Beginning with the line that contains "Spec-D Tuning Glossy", retype the entries below exactly, ending with the line that contains "Brown leather tooled wrist cuff - Uhorse". Leave out any pictures.

● **Data supplied**:
····················

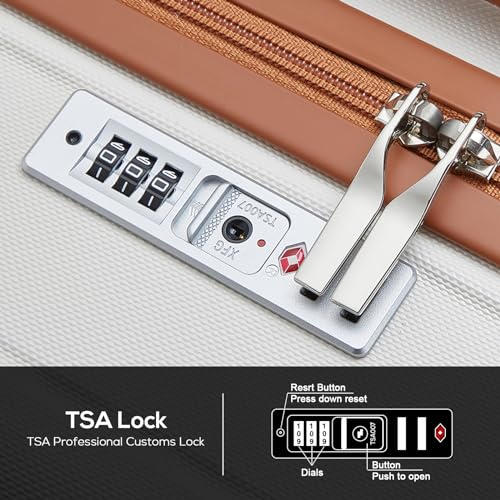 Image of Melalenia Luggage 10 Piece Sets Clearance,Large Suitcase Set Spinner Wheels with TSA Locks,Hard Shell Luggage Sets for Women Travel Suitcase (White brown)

····················

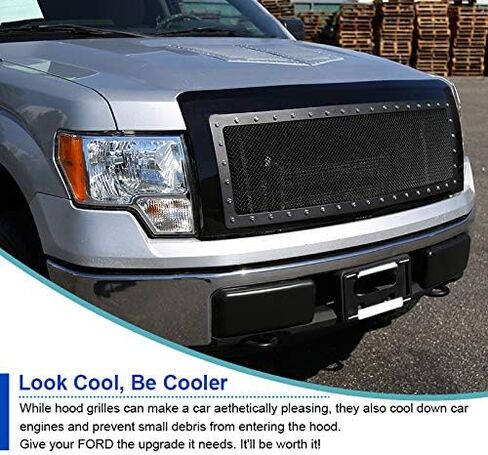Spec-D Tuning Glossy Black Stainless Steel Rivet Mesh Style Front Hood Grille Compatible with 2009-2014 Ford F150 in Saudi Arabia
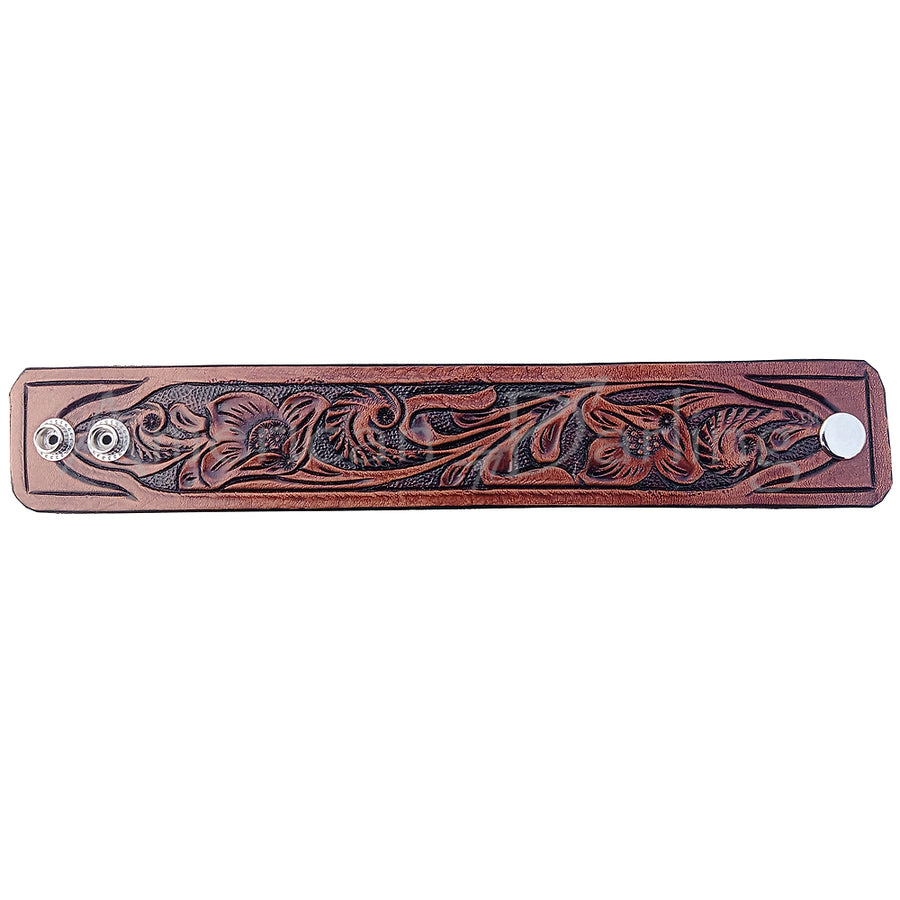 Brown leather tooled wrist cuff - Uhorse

····················

● **Output below**:
Spec-D Tuning Glossy Black Stainless Steel Rivet Mesh Style Front Hood Grille Compatible with 2009-2014 Ford F150 in Saudi Arabia
 Brown leather tooled wrist cuff - Uhorse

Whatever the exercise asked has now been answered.